Accuracy of the FitBit at walking speeds and cadences relevant to clinical rehabilitation populations

Abhishek K. Singh, M.Clin.Rehab., Craig Farmer, B.Sc. (physio.), Maayken L.E. Van Den Berg, Ph.D., Maggie Killington, Ph.D., Christopher J. Barr, Ph.D.
Disability and Health Journal, Vol. 9, Issue 2, p320–323



Activity monitoring is used for motivation and assessing patients in the rehabilitation setting. Monitors available on the market have not been assessed for accuracy at walking patterns seen in the clinical setting.


To assess the accuracy of the Fitbit Zip device at different anatomical locations at walking speeds, step length, and cadence similar to those seen in clinical rehabilitation populations.


Ten healthy participants completed 3 sets of 12 combinations of speed and cadence ranging from 0.2 m/s at 48 steps per minute to 1.0 m/s at 120 steps per minute along a 20 m walkway.

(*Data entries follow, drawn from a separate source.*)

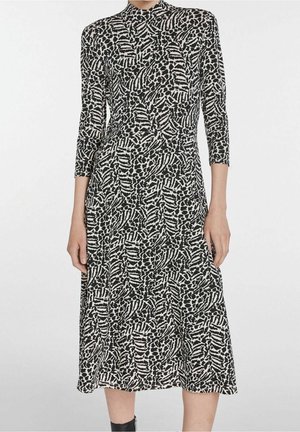 Vrouw draagt een zwart-witte jurk met een abstract patroon, tot aan de knie, met driekwart mouwen en een hoge halslijn, staand tegen een effen achtergrond.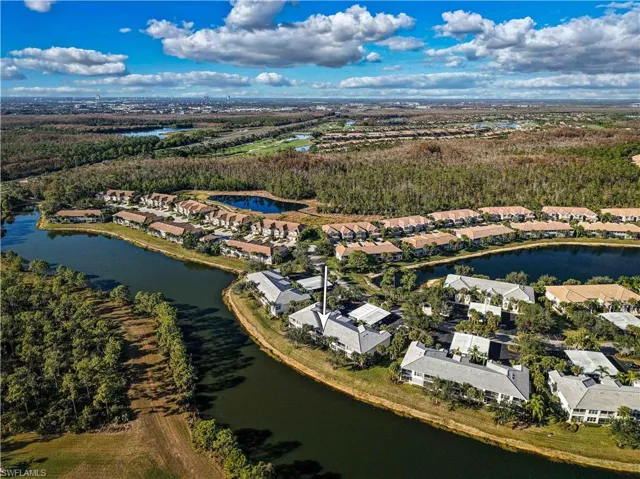 Aerial perspective of suburban area featuring a nearby body of water
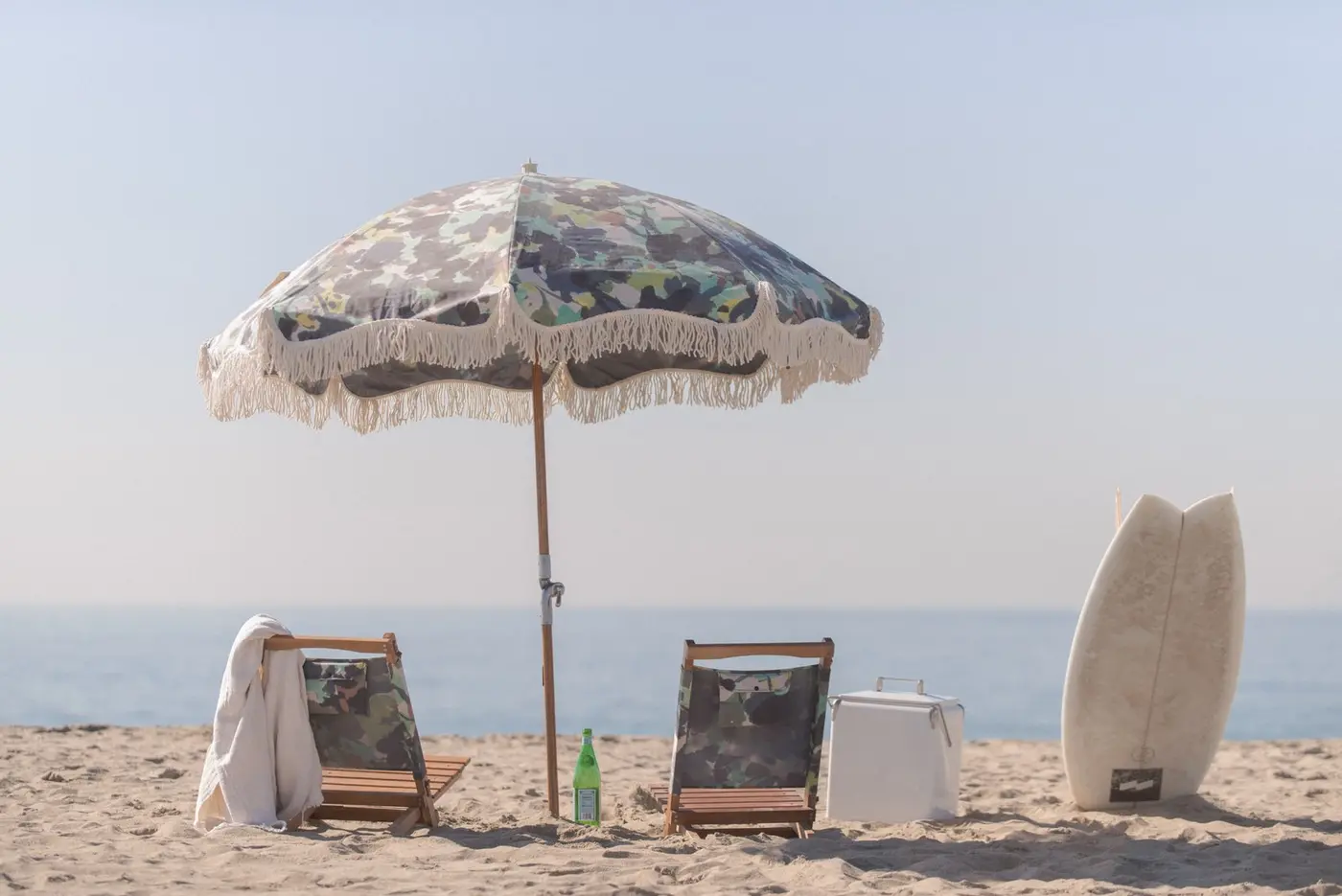 Parasol à franges et chiliennes sur une plage
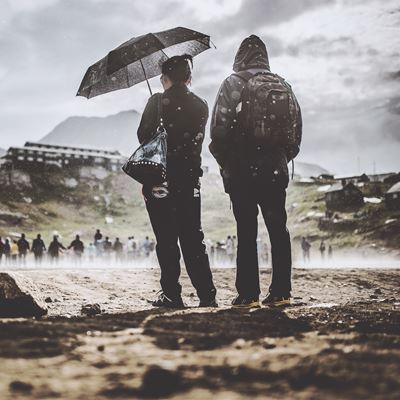 Et par står udenfor med en paraply i regnvejr.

Step length was controlled by ground markings and cadence was controlled by a metronome. Five Fitbit Zip devices were concurrently worn at the chest, hip, shin, ankle and forefoot. Percent accuracy for each location and walking condition combination were calculated.


At the chest and hip the Fitbit has poor accuracy below 0.7 m/s, however when worn distally, can be accurate to 5.5% at speeds as slow as 0.5 m/s.


For patient populations with slow walking speed, activity monitoring with the Fitbit can be achieved provided the device is located distally on the lower limb.